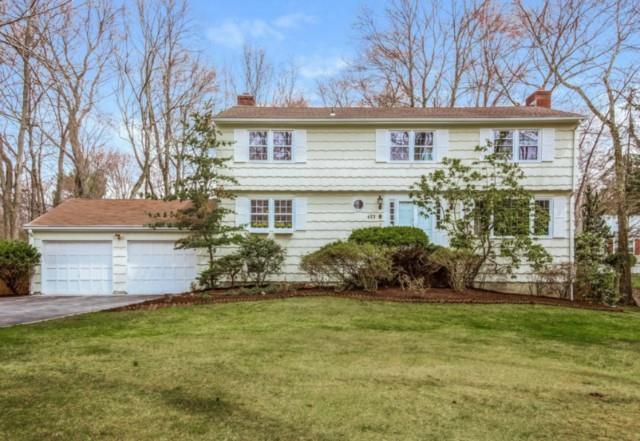 473 Westover Road Stamford, CT 06902 - Photo 1 of 1 a front view of a house with a garden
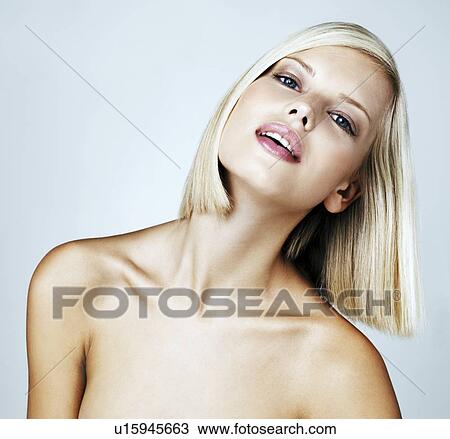 Stock Image - Portrait of young woman on light blue background. Fotosearch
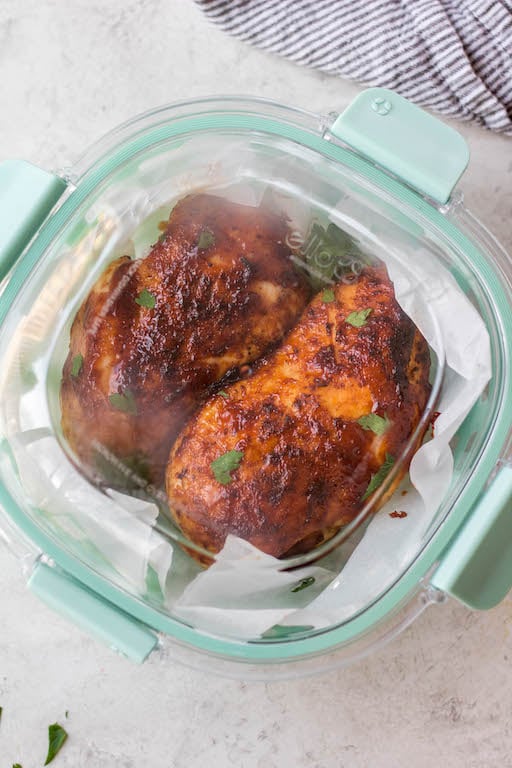 This air fryer BBQ chicken breast recipe is ideal for a quick weeknight dinner or healthy meal prep option for lunch! It's Whole30, keto and low carb, and gluten-free! It's so easy to prepare and cooks in 20 minutes. Using just a few simple ingredients, including boneless chicken breast, garlic powder and BBQ sauce, this recipe comes out juicy and perfect every time! #airfryerchicken #whole30chicken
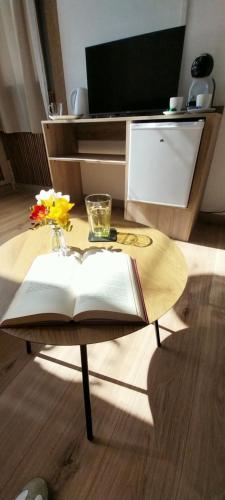 a coffee table with an open book on it at PILGRIMSROOM la Parada Del Camino in Negreira
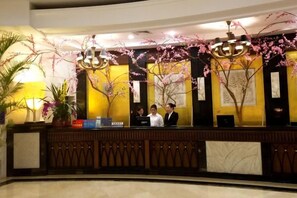 Zona de recepción de un hotel, con mostrador, dos empleados y ramas decorativas de cerezo.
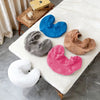 A collection of reusable U-shape pillow covers in various colors including blue, gray, tan, and pink resting on a white surfa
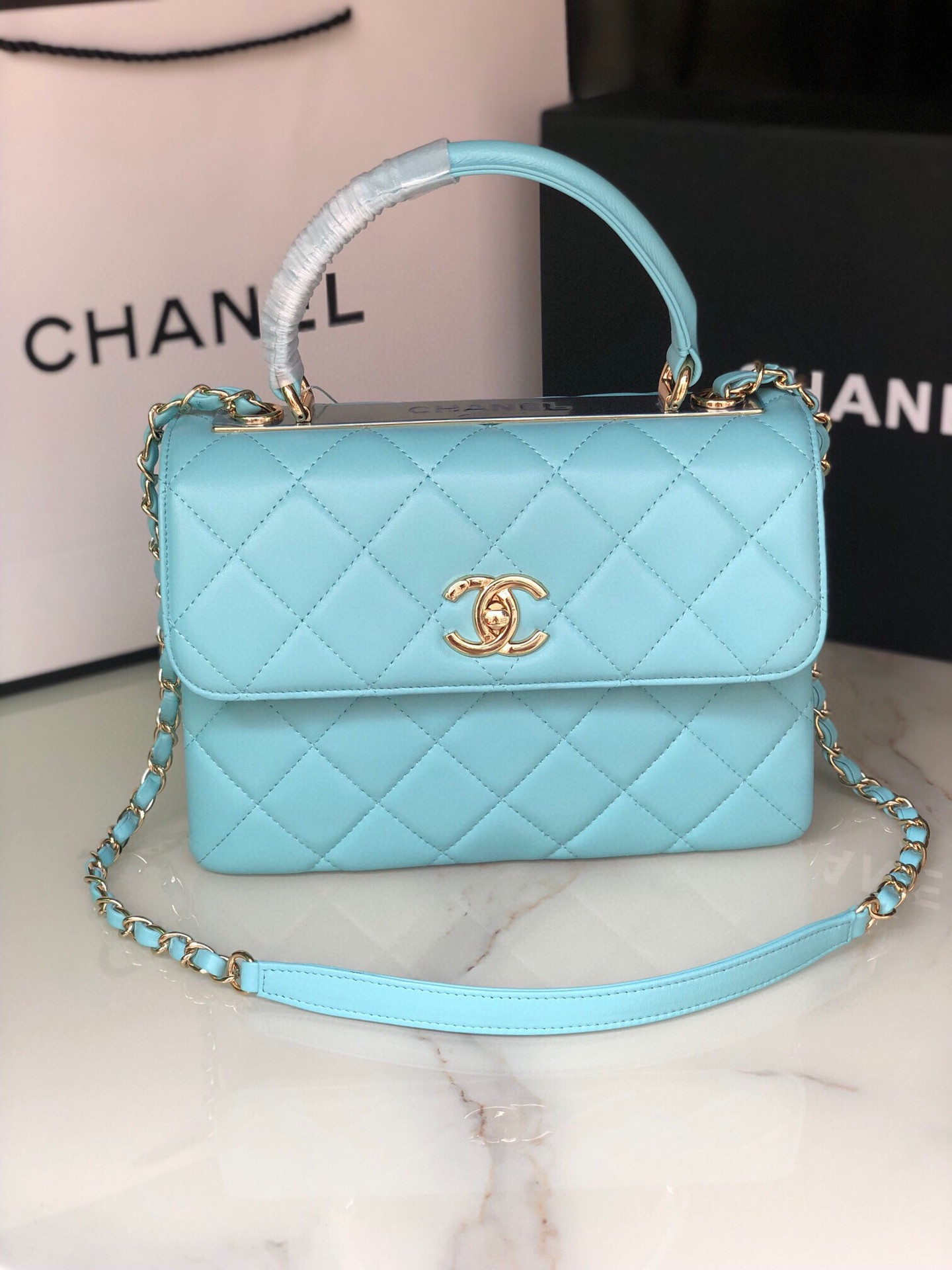 Ch*el flap bag with top handle 6.6 × 9.8 × 4.7 in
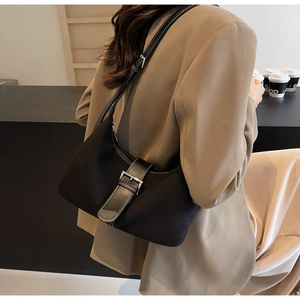 Detail of black underarm bag featuring white contrast stitching and metal buckle closure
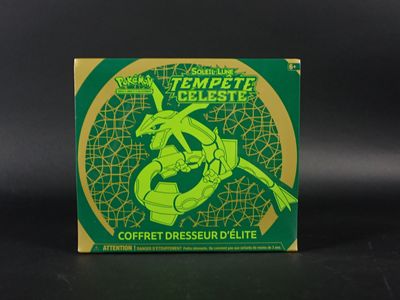 une boîte verte sur laquelle est représenté un lézard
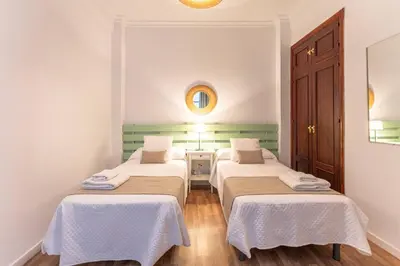 Cama o camas de una habitación en Apartamento Raya - Vacacional Sevilla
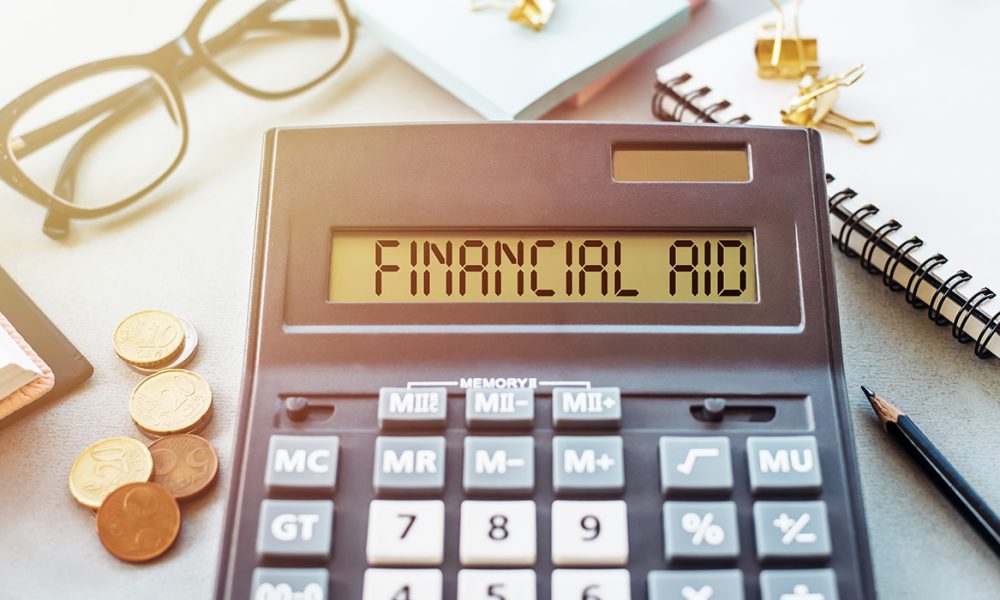 Word FINANCIAL AID written on calculator on office table.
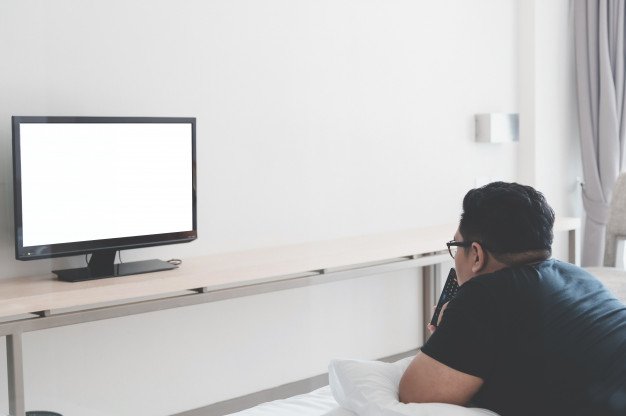 Hombre viendo la televisión en casa | Foto Premium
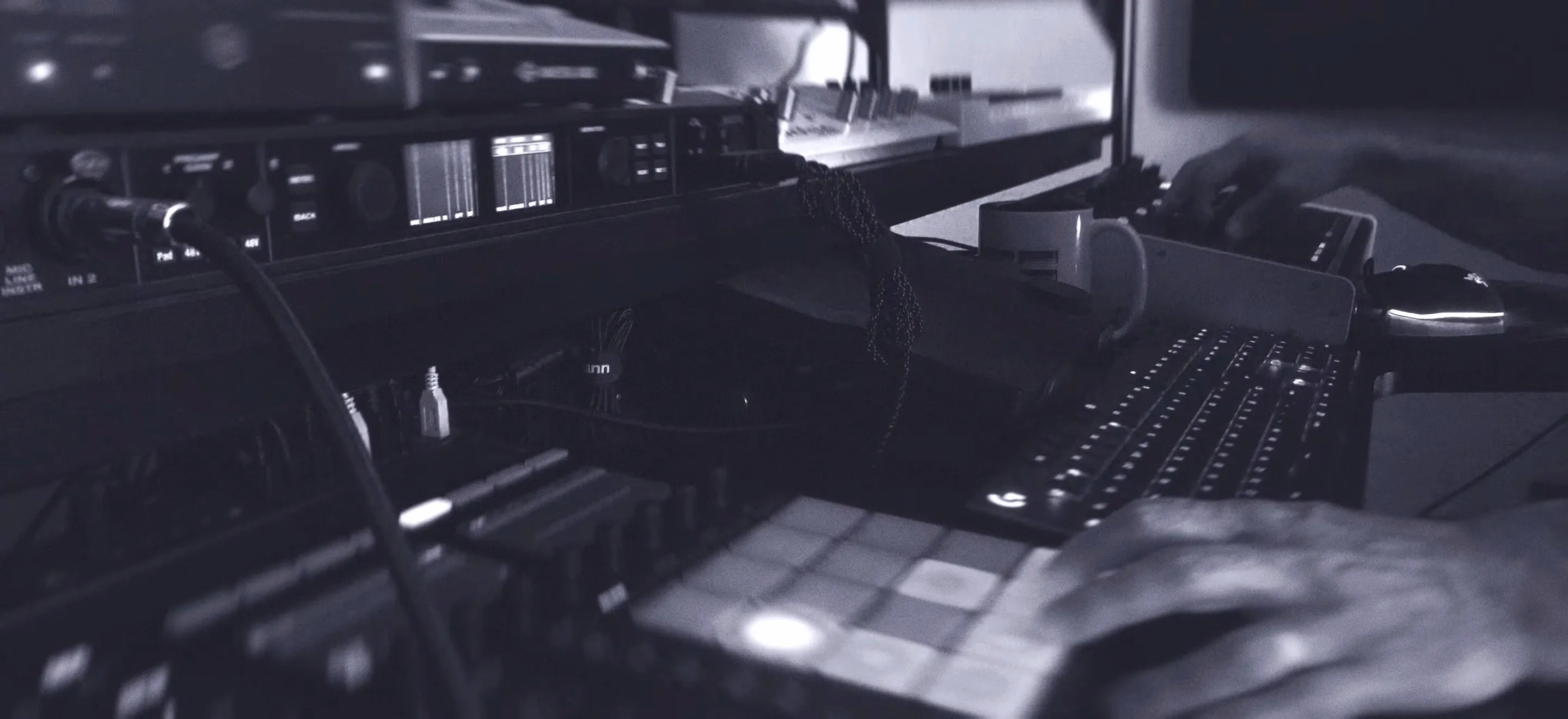 A person’s hands operate music production equipment, including a MIDI controller with pads, an audio interface, and a computer keyboard in a studio setting.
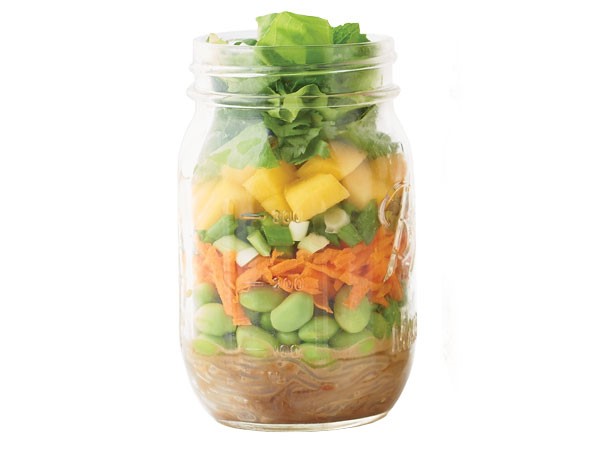 Glass jar layered with peanut butter, edamame, carrots, green onions, mango, lettuce and dressing 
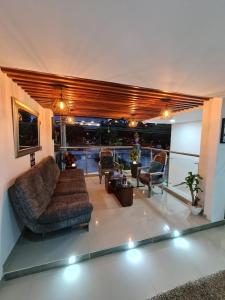 a living room with couches and chairs in a building at Hotel Suramericana in Medellín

__Assigned task__: Skip every picture and return the lines above from the top through the one that contains "Stock Image - Portrait".

__Exercise response__:
 473 Westover Road Stamford, CT 06902 - Photo 1 of 1 a front view of a house with a garden
 Stock Image - Portrait of young woman on light blue background. Fotosearch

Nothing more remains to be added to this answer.